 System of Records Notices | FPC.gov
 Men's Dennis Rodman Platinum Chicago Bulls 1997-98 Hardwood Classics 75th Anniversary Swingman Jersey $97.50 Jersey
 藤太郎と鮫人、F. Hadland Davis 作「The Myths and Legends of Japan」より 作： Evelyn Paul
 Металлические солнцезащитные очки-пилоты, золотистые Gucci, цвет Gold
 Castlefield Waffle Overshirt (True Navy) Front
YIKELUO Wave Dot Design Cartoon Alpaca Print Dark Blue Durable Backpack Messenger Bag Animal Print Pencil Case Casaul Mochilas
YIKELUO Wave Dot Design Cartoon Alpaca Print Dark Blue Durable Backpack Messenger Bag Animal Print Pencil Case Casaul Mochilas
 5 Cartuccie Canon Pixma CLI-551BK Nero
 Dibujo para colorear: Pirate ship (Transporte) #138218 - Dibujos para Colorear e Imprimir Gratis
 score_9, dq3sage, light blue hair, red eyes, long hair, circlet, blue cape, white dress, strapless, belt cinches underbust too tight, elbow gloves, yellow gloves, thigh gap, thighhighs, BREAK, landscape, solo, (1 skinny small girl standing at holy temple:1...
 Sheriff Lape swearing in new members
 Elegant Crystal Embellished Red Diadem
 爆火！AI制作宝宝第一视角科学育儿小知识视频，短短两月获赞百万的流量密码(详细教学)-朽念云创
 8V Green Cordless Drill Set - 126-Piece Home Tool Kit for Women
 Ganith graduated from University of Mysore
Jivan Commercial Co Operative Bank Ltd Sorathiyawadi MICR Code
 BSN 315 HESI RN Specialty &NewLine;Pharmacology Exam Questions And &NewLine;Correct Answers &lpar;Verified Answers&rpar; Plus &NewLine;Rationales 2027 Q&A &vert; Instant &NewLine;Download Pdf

Requirement: Write out exactly the lines above between the line with "score_9, dq3sage, light" and the line with "Elegant Crystal Embellished Red Diadem", inclusive, and nothing beyond them.

Solution for this exercise:
 score_9, dq3sage, light blue hair, red eyes, long hair, circlet, blue cape, white dress, strapless, belt cinches underbust too tight, elbow gloves, yellow gloves, thigh gap, thighhighs, BREAK, landscape, solo, (1 skinny small girl standing at holy temple:1...
 Sheriff Lape swearing in new members
 Elegant Crystal Embellished Red Diadem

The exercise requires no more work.